WORK ITEM:
Shown below is a listing with pictures; reproduce exactly, and only, the lines between the ones containing "Plant Protector from" and "ATV tire 25x8x12", inclusive, leaving the pictures out.

PROVIDED RECORDS:
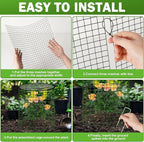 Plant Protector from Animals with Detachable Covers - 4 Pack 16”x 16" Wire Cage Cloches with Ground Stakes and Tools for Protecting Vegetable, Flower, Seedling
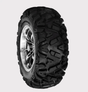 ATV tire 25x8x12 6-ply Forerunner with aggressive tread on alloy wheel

--

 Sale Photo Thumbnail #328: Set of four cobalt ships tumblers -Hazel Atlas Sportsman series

---

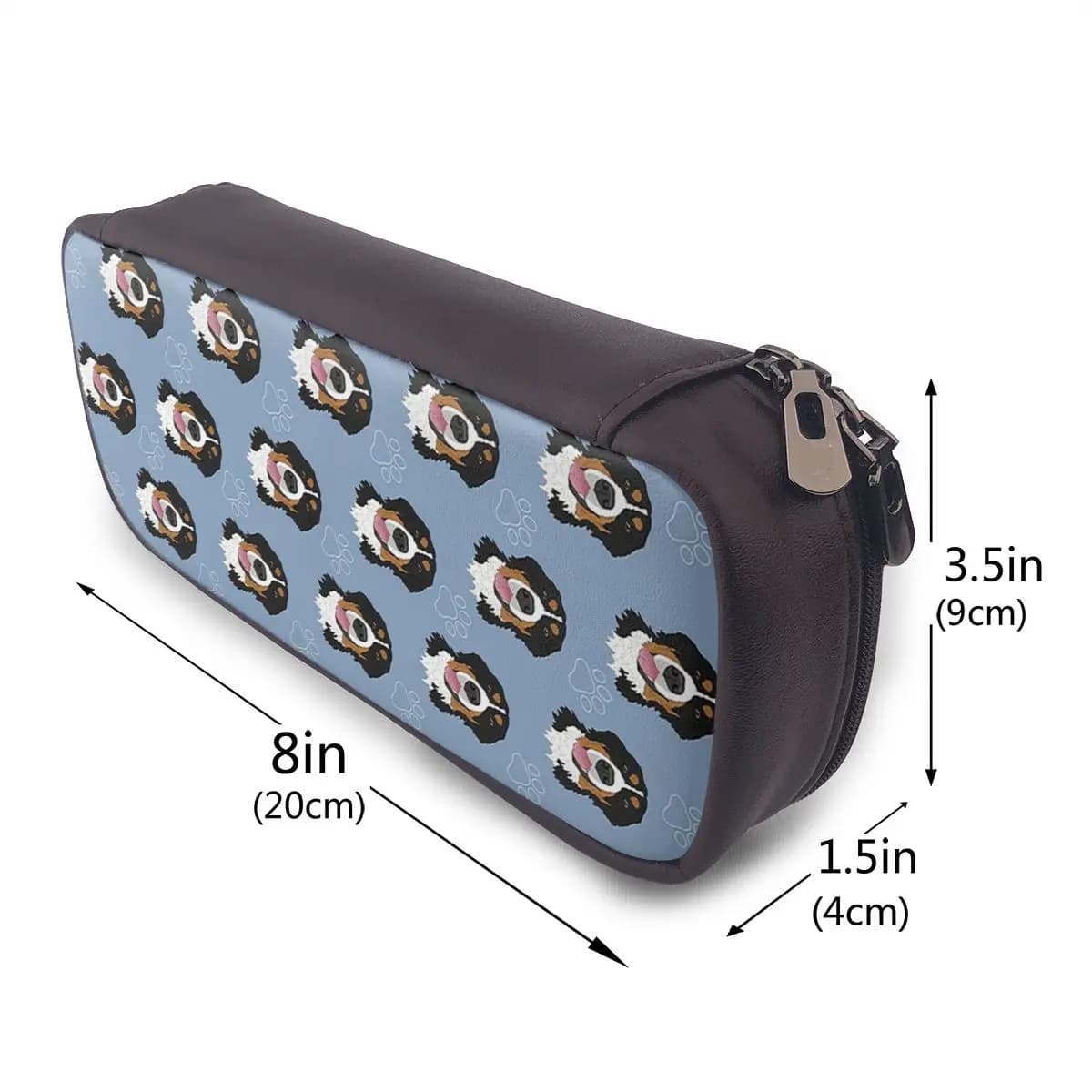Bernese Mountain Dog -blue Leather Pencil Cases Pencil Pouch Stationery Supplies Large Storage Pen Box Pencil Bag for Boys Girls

SOLUTION BELOW:
 Plant Protector from Animals with Detachable Covers - 4 Pack 16”x 16" Wire Cage Cloches with Ground Stakes and Tools for Protecting Vegetable, Flower, Seedling
 ATV tire 25x8x12 6-ply Forerunner with aggressive tread on alloy wheel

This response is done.